Juiz de Hortolândia (SP) autoriza casamento homossexual direto

PODER JUDICIÁRIO

COMARCA DE SUMARÉ

FÓRUM DISTRITAL DE HORTOLÂNDIA


"Vistos.

KATIA DE ALBUQUERQUE e EDNEIA RODRIGUES DE SOUZA, ambos do sexo feminino, demais qualificações nos autos, protocolaram pedido de habilitação para casamento.

Instruíram o pedido com declaração de duas testemunhas no sentido de que as requerentes não são parentes entre si, bem como não possuem qualquer impedimento previsto no Código Civil.

Foi publicado edital de proclamas e cumpridas todas as formalidades legais para habilitação a casamento, não havendo impugnações.

O Ministério Público ofertou parecer favorável ao pedido.

É o relatório.
Fundamento e decido.


O maior e mais repetido princípio da Constituição da República Federativa do Brasil é o da igualdade.

A mesma constituição elegeu a "dignidade da pessoa humana" como um de seus "fundamentos" (art. 1º, inciso III), e declarou que o Brasil tem como "objetivos fundamentais" a construção de "uma sociedade livre, justa e solidária", bem como "promover o bem de todos, SEM PRECONCEITOS de origem, raça, SEXO, cor, idade e quaisquer outras formas de discriminação" (art. 3º, incisos I e IV).

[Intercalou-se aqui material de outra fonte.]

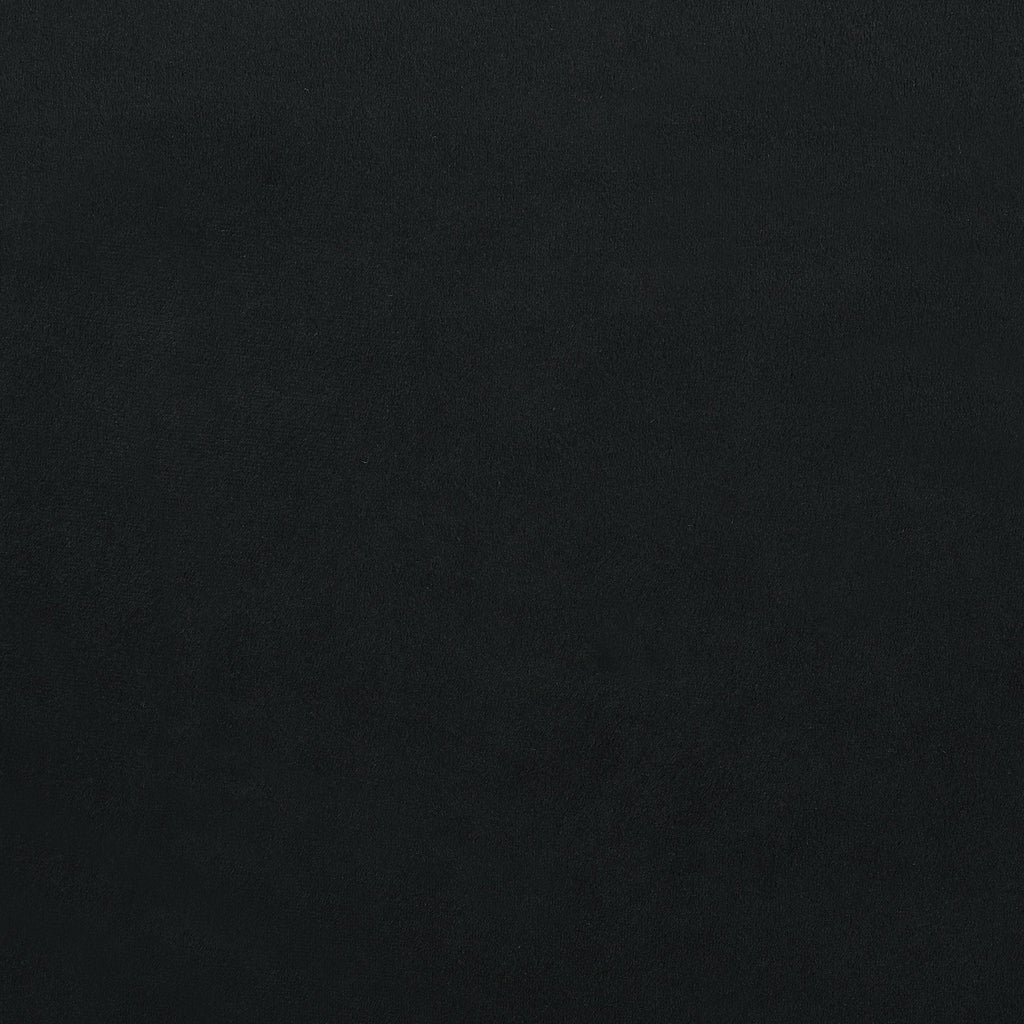 Lorient Queen LED Upholstered Wingback Bed Black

Também determina a constituição Federal que "todos são iguais perante a lei, sem distinção de qualquer natureza" e que "homens e mulheres são iguais em direitos e obrigações, nos termos desta Constituição" (art. 5º , inciso I).

Mais à frente, no Título "Da Ordem Social", a Lei Maior afirma que "a família, base da sociedade, tem especial proteção do Estado" (art. 226, caput).

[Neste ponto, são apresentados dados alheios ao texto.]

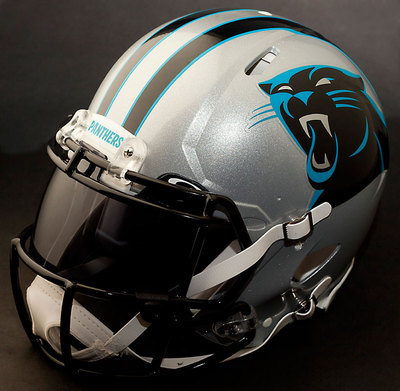 CAROLINA PANTHERS NFL Authentic GAMEDAY Football Helmet w/ OAKLEY Eye ...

Sobre o casamento, a Constituição Federal dispõe que o ato "é civil e gratuita a celebração" (art. 226. § 1º), acrescentando que "o casamento religioso tem efeito civil, nos termos da lei" (art. 226. § 1º), e que o casamento "pode ser dissolvido pelo divórcio" (art. 226. § 6º, com redação dada pela Emenda Constitucional nº 66, de 13/07/2010).

A Constituição Ferderal também declara que "para efeito da aprovação do Estado, é reconhecida a união estável (...) como entidade familiar, devendo a lei facilitar sua conversão em casamento", e que "entende-se, também, como entidade familiar a comunidade formada por qualquer dos pais e seus descendentes" (art. 226. §§ 3º e 4º).

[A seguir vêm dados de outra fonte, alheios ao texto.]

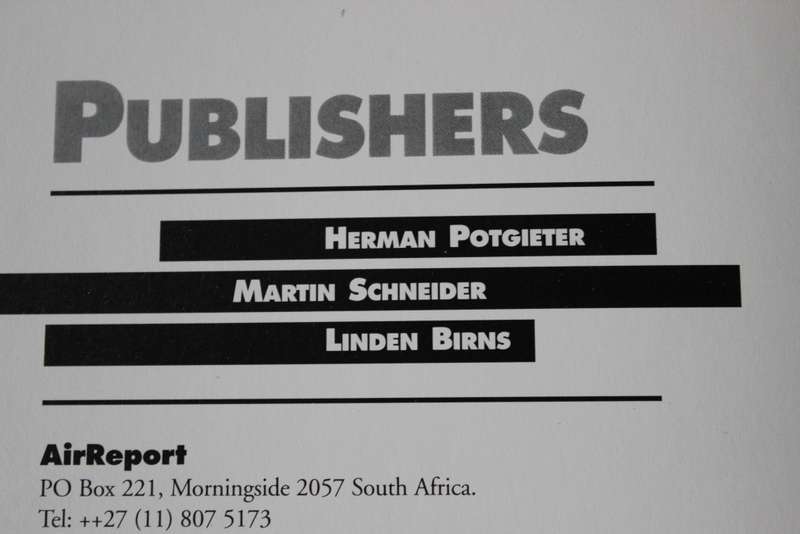 AIRREPORT 1996 SOUTH AFRICA`S AEROSPACE YEARBOOK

Em harmonia com o princípio da igualdade, nossa Lei Maior enfatiza que "os direitos e deveres referentes à sociedade conjugal são exercidos igualmente pelo homem e pela mulher"(art. 226. § 5º).

Aqui, cabe consignar que a lei não declara que casamento existe apenas entre homem e mulher, até porque "sociedade conjugal" não é "casamento", sendo certo que a primeira sempre pôde ser dissolvida pela "separação" (de fato, judicial e mais recentemente também extrajudicial), e o segundo somente é dissolvido pelo "divórcio".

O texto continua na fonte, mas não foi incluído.